I just won my fantasy football league, and got a little bit of cash. If I don't spend it soon, the wife will use it to pay our Christmas Credit Card Bills! I'm really interested on trying a single-speed, but I don't have a lot of money to spend. I was looking at Nashbar Bee's Knees and 29er, however the size I need, 21" are no longer offered. I've also looked at BD's Gravity SS Bikes. I know another option is to go used, but are there any other options I'm missing?


----------



## DualRollers (Apr 24, 2014)

Karate Monkeys are reasonable and great bikes.


----------



## V8Interceptor (Aug 24, 2014)

I agree, the Karate Monkey is a nice bike, but it's above my budget. I was hoping to spend around $500.00


----------



## Singletrackd (May 3, 2015)

Look on Craigslist in your area and work from there. Otherwise I think red line monocoque is in that budget. Do you have any spare parts to make it cheaper?


----------



## TampaDave (Mar 20, 2015)

At that price point I would consider three things.

Best option probably is to watch craigslist for a Redline Monocog, they come up from time to time, try Searchtempest. Might take a while. There's a practically new one in my town for $750 obo, next closest one is 600 miles away, although at $400 it looks like a great deal.

Second option is Nashbar, assuming they ever plan to stock it in your size. Did you call them?

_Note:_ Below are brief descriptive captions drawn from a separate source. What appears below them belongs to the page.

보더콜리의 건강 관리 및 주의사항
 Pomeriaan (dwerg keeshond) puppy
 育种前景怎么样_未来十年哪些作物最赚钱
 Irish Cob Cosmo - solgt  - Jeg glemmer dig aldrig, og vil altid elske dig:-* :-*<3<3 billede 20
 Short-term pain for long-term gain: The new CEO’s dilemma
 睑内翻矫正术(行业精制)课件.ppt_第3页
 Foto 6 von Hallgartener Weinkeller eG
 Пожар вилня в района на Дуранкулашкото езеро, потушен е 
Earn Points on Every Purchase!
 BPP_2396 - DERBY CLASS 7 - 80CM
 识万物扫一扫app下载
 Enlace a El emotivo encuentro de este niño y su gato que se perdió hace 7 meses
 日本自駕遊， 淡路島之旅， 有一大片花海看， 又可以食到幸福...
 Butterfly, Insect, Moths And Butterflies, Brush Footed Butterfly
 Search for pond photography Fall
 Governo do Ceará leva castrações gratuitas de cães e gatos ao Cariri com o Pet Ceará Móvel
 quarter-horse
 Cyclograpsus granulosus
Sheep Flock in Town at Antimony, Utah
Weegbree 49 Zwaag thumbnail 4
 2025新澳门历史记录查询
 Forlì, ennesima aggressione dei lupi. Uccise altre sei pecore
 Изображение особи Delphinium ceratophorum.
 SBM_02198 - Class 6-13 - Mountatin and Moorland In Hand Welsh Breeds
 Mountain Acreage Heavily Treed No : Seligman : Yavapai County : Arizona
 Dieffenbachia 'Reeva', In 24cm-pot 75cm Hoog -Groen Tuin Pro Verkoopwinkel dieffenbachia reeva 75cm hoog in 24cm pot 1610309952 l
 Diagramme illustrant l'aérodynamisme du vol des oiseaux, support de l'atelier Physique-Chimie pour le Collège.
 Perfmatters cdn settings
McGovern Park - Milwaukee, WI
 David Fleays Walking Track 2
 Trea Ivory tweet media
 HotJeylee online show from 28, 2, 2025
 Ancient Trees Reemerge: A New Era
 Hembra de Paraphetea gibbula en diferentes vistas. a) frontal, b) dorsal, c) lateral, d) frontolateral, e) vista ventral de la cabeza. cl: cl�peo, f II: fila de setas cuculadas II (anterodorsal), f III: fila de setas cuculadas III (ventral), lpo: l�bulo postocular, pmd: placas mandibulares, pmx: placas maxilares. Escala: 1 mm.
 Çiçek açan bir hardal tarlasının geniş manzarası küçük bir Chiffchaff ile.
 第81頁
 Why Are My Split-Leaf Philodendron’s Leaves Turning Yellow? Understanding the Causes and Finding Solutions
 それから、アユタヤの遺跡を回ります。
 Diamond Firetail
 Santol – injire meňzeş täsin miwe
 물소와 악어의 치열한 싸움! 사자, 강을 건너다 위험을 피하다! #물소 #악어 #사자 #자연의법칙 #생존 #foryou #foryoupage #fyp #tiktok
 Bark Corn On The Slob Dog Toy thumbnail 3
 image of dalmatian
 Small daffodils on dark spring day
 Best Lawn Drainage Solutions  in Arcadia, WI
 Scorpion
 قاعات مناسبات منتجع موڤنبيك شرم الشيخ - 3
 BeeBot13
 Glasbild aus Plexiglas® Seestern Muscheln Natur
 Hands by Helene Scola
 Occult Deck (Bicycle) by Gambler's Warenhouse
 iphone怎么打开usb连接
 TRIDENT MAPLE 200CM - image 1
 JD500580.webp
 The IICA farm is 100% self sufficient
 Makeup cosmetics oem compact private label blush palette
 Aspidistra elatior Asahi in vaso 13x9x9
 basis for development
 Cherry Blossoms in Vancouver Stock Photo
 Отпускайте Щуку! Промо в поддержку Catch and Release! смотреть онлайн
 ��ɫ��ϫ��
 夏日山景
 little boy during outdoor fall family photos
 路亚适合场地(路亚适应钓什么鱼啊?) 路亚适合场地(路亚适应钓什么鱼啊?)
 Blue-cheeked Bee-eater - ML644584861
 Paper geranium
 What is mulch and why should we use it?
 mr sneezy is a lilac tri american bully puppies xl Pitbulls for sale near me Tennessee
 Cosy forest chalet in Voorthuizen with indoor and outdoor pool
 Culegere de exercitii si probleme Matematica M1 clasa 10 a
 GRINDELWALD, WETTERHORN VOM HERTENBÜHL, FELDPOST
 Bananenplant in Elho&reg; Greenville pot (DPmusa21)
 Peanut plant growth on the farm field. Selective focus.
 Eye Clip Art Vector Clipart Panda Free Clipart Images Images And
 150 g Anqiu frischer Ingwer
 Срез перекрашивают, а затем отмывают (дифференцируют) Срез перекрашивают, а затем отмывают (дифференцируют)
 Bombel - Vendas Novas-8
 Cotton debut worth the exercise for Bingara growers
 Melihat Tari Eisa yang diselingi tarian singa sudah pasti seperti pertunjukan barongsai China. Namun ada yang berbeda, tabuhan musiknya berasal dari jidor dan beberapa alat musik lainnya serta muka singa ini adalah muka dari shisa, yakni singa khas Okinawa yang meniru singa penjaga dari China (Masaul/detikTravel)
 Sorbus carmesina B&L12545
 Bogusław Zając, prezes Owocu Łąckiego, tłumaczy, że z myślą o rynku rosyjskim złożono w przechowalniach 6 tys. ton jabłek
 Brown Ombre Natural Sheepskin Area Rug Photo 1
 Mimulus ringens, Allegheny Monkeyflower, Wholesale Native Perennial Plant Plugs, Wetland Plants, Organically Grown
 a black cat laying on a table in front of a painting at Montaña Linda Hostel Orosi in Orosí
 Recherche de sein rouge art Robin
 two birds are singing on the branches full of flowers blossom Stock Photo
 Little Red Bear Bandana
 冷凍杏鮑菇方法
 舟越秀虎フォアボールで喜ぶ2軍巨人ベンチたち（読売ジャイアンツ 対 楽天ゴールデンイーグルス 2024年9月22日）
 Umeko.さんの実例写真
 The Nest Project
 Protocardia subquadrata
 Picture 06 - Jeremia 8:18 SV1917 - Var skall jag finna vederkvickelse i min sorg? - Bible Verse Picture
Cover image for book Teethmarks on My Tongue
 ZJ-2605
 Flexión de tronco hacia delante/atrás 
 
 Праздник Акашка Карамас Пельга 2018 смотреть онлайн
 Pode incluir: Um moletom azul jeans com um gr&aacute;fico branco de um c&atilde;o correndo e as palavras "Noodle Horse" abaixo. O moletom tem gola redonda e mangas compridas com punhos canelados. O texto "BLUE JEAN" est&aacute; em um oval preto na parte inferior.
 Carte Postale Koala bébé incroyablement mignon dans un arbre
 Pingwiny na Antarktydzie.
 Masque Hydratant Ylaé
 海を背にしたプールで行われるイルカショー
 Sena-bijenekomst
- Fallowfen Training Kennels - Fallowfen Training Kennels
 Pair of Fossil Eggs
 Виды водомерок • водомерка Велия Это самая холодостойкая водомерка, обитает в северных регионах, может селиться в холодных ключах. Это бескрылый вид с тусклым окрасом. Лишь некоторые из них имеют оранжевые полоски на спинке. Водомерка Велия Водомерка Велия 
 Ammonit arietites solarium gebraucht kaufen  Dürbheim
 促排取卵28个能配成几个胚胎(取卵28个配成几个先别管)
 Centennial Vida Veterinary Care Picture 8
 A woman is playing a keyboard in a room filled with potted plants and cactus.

The 29er is discussed at length here http://forums.mtbr.com/singlespeed/nashbar-single-speed-29er-mountain-bike-611987.html

There are some gripes about tire clearance up front. Tire and wheel choice is key to enjoying a rigid ss and it won't be long before you wonder if your upgrade path is blocked. So it's not a slam dunk. Dunno about the 650b. Same issue, really. I haven't totally drunk the 29er Kool-Ade but kinda get the feeling the mechanical advantage of the big wheels, and long cranks helps gearing-wise if you're ss'ing. Me, I'd hold out for 29er.

Third and hardest option.

If you're really handy, or have a buddy who is, check this frame On-One Inbred 29er Single Speed Mountain Bike Frame LTD Edition | Planet X.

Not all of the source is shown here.